Introducing the 2011 AER Blog Squad: Dawnett Watkins

Welcome to a special installment of our featured member interview series in which we introduce you to our 2011 AER Conference Blog Squad members. Please read on to learn more about their professional experiences, how membership helps connect them to a larger community, and why they’re excited about blogging for PRIM&R!

Today we’d like to introduce you to Dawnett Watkins, IRB coordinator at the University of Tulsa, OK.

When and why did you join the field?

I was hired to work as an accountant in the research department at the University of Tulsa in September 2001. I noticed that my boss was trying to wear several different hats, and heard her complain that the university IRB was not in the shape it should be in, and that it did not have a good system for tracking protocols. The work of the IRB sounded much more interesting than what I was doing, so I took it upon myself to develop a database for tracking research protocols. While developing the database, I learned a lot about the IRB, and my institution recognized the need for a full-time IRB coordinator. Fortunately, I was the natural choice for this newly created position; I guess you could say I worked my way in!

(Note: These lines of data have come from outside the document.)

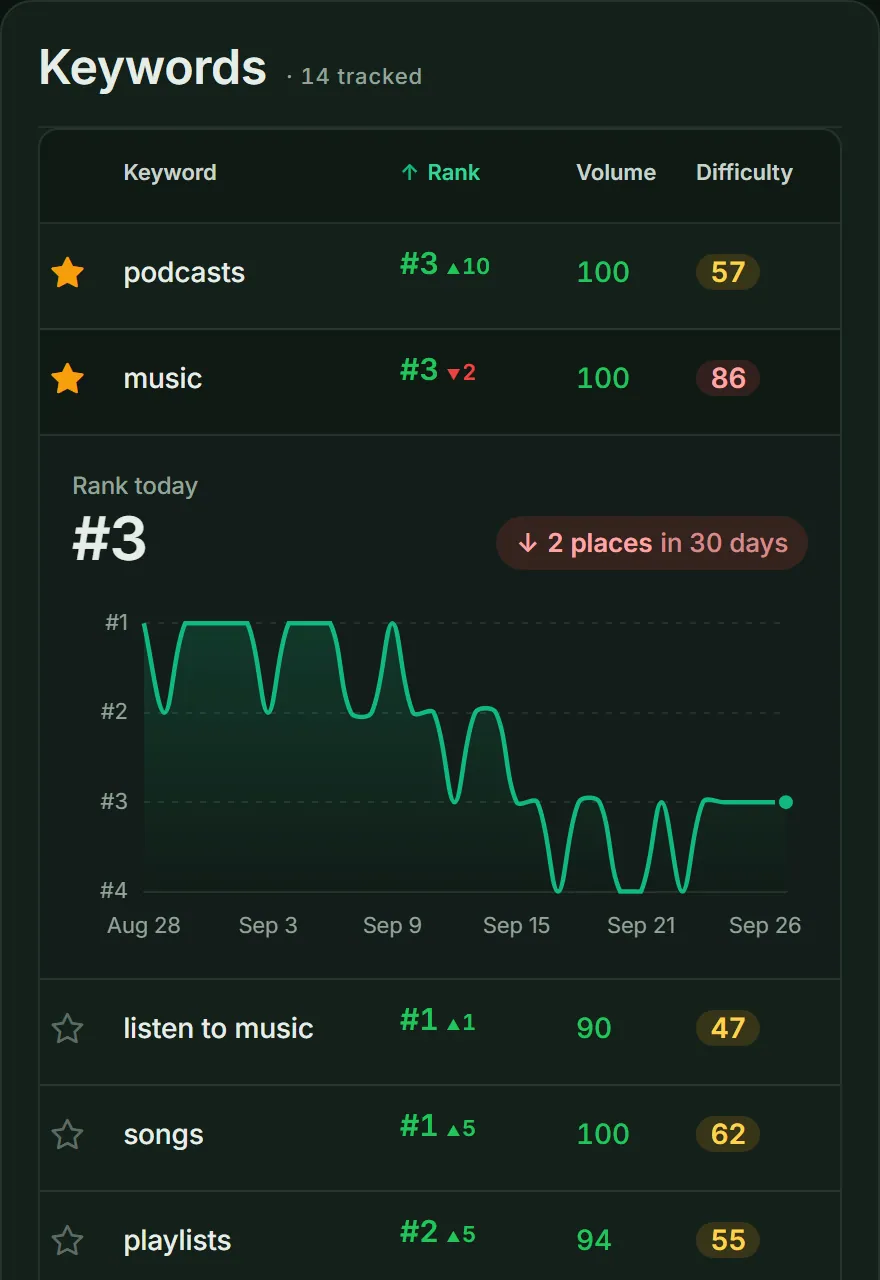 ASOScan rank tracking: the keyword 'music' opened to its 30-day rank history: it held #1, then slipped 2 places to #3.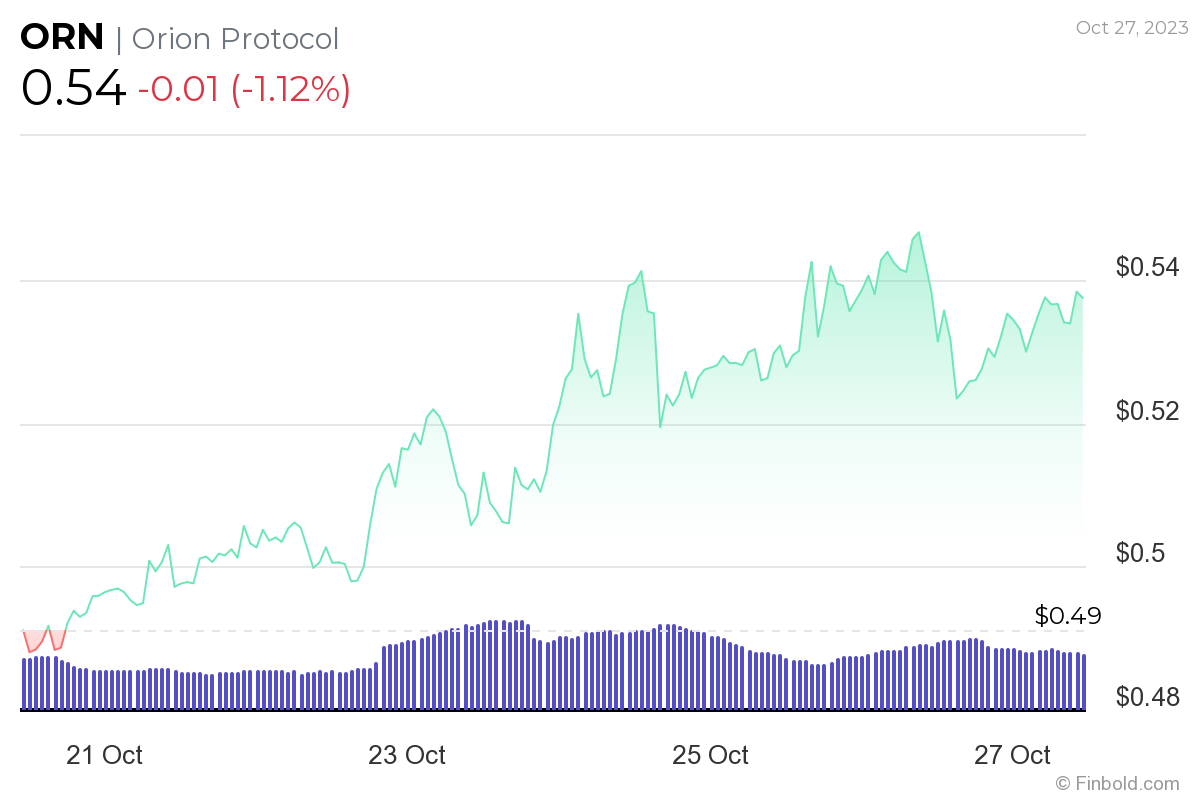 <i>ราคา ORN<br>รูปภาพ: Finblod</i>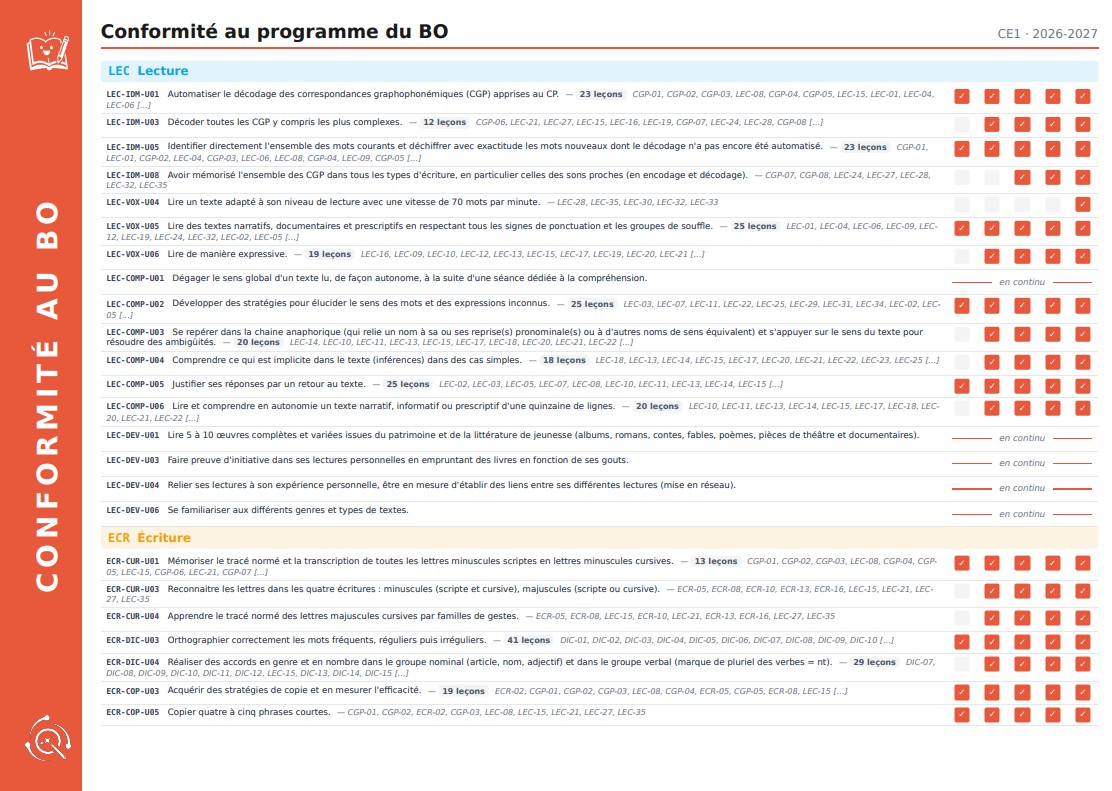 Conformité BO 1
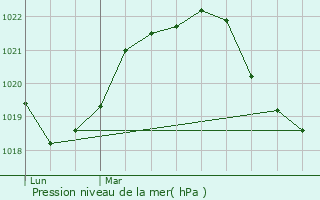 Graphe de la pression atmosphrique prvue pour Brindas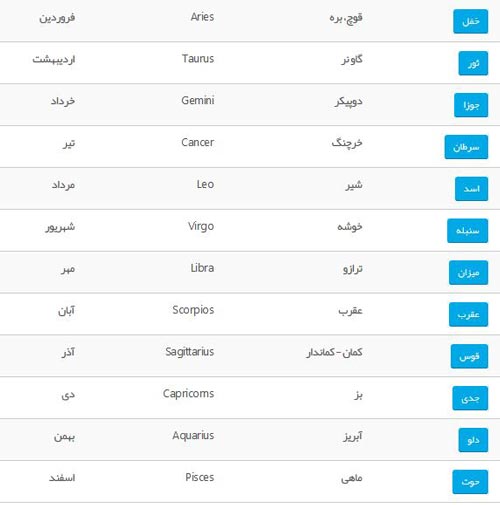 بهترین زن متولد کدام ماه است | شخصیت شناسی ازدواج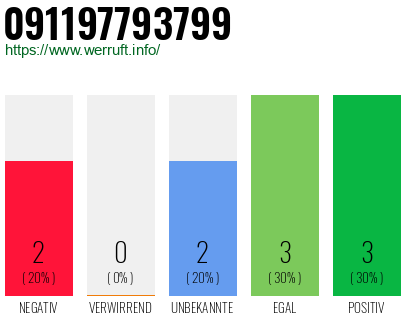 Rufnummer 091197793799 Telefonnummer 091197793799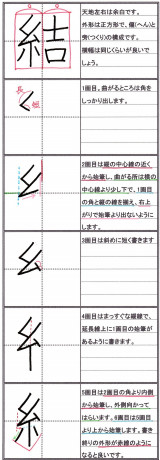 結 の書き方について 忙しい女性にも習える書道を目指して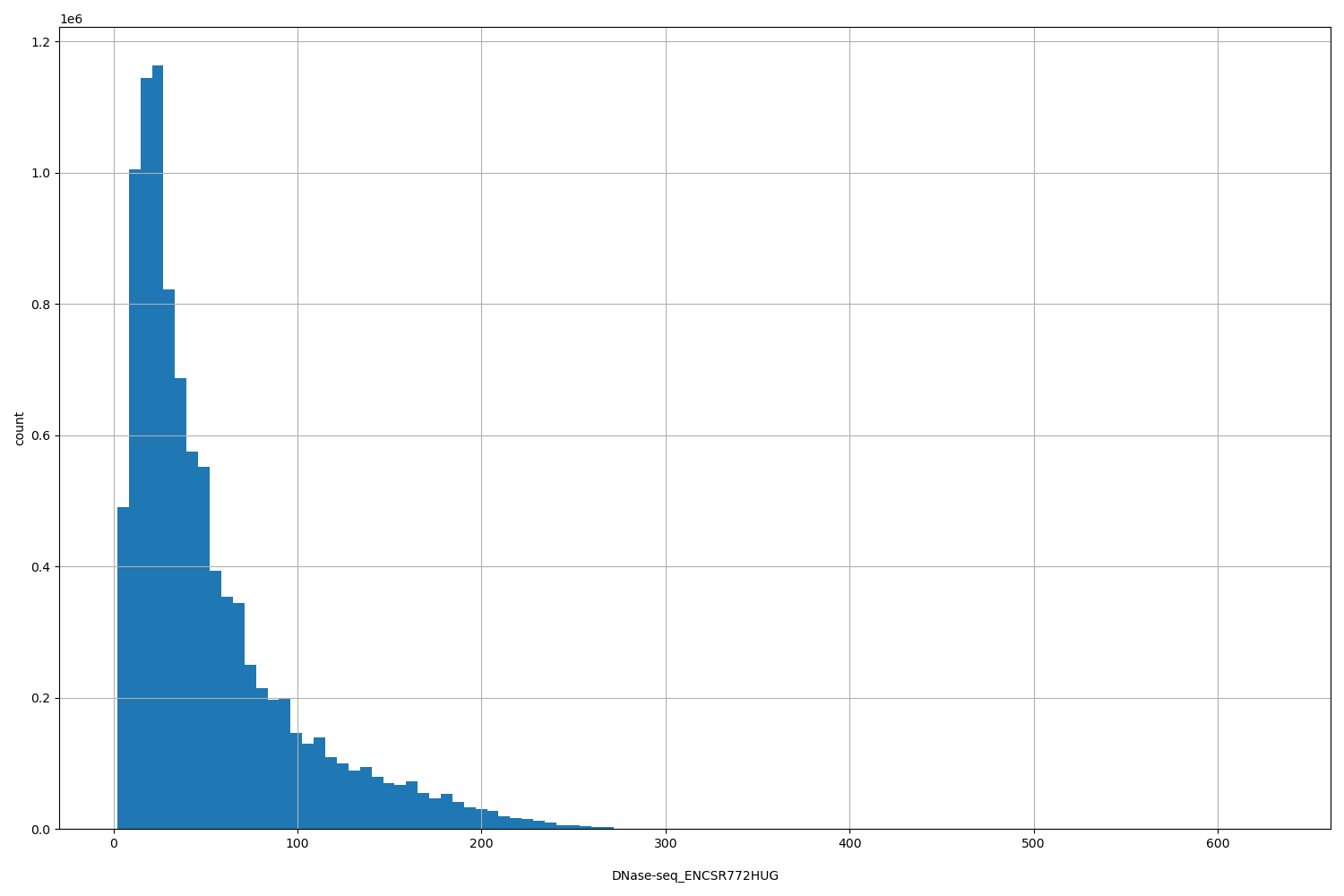 HISTOGRAM FOR DNase-seq_ENCSR772HUG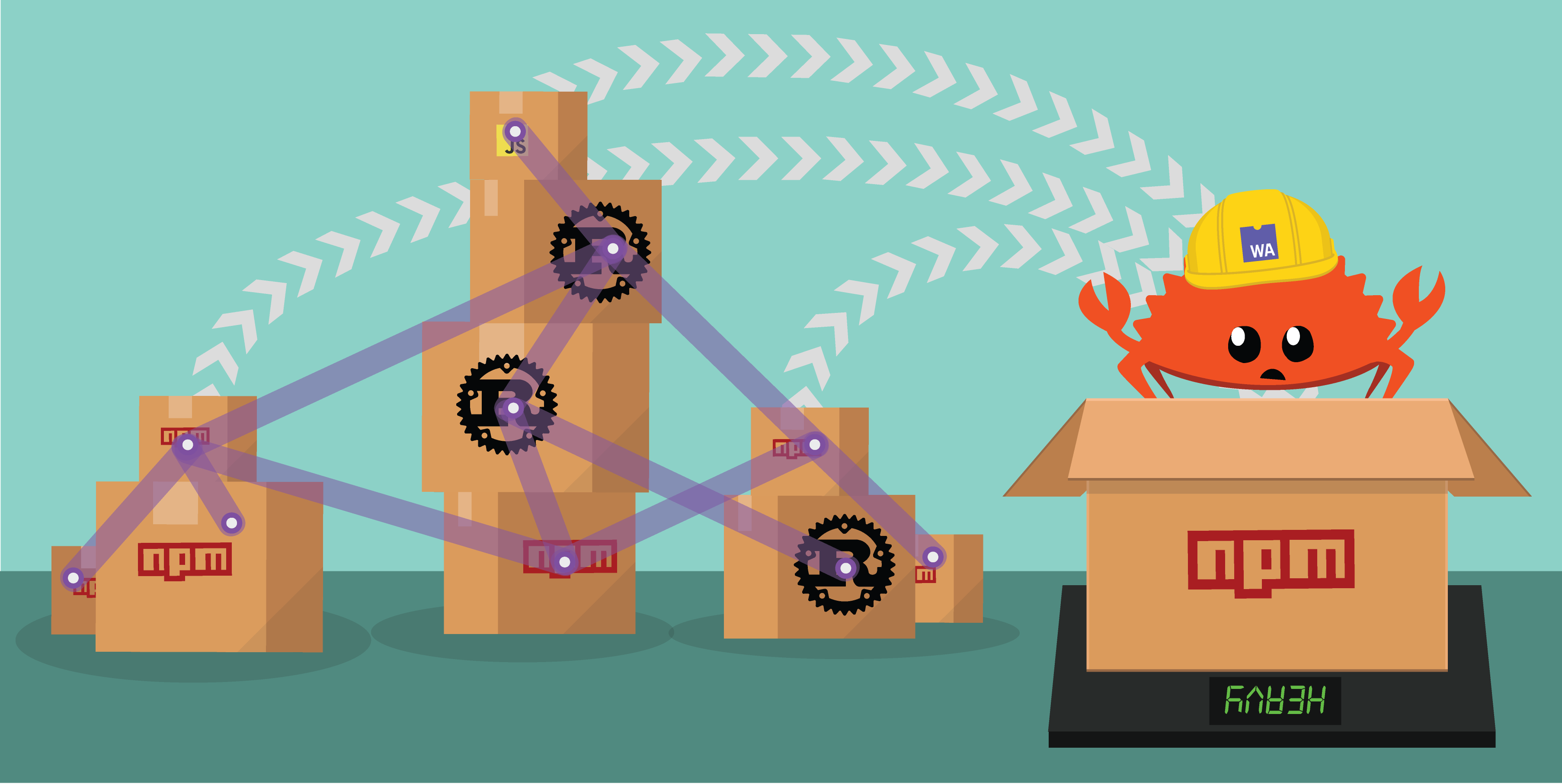 ferris is sitting in a package on a scale, in the distance several interconnected and dependent packages are linked with lines flowing into the package. the scale says "heavy"
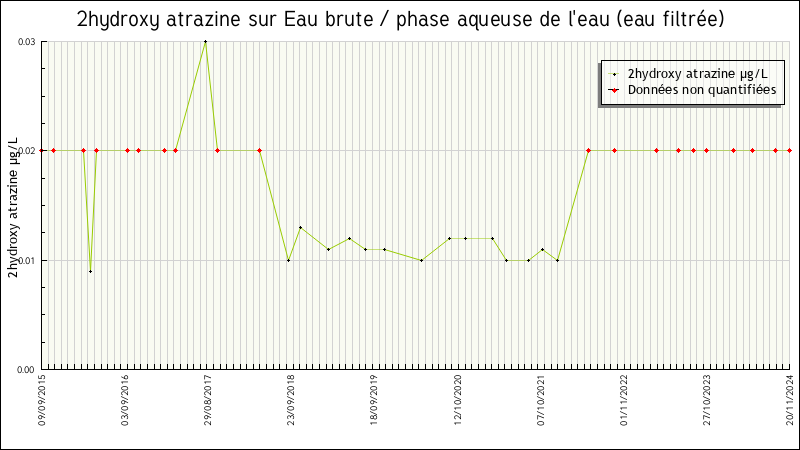 Données statistiques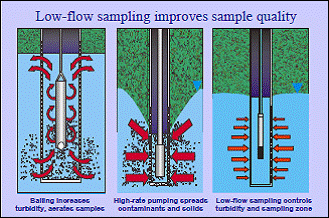 Aandachtspunten low-flow sampling : Voorpompen : regelmatig grondwaterverlaging controleren (staalnamedarm en peilmeter voorzien die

What is your favorite part of your job?

There is always a new and exciting challenge. And I love the interaction with students and faculty.

What are you reading?

I’ve always got a stack of books by my bed. The last book I read was Night by Elie Wiesel. I’m also currently in year two of my quest to read the Bible from front to back.

Why did you join PRIM&R?

I joined originally to get the discount on the conferences. My favorite membership benefit is the monthly Newsletter, which helps to keep me current on the issues.

If you were planning our next conference, who would you select as a keynote speaker?

Dr. Elana Newman. Her trauma research is quite interesting, as is her work with the Dart Center for Journalism and Trauma.

What advice do you have for young professionals interested in pursuing a career in ethical research?

The pay may not be great, but feeling like you are doing something to help mankind is very rewarding.

What are you most excited to blog about at the 2011 AER Conference?

I hope to blog about social, behavioral and educational research (SBER), and to bring a fresh outlook to this area.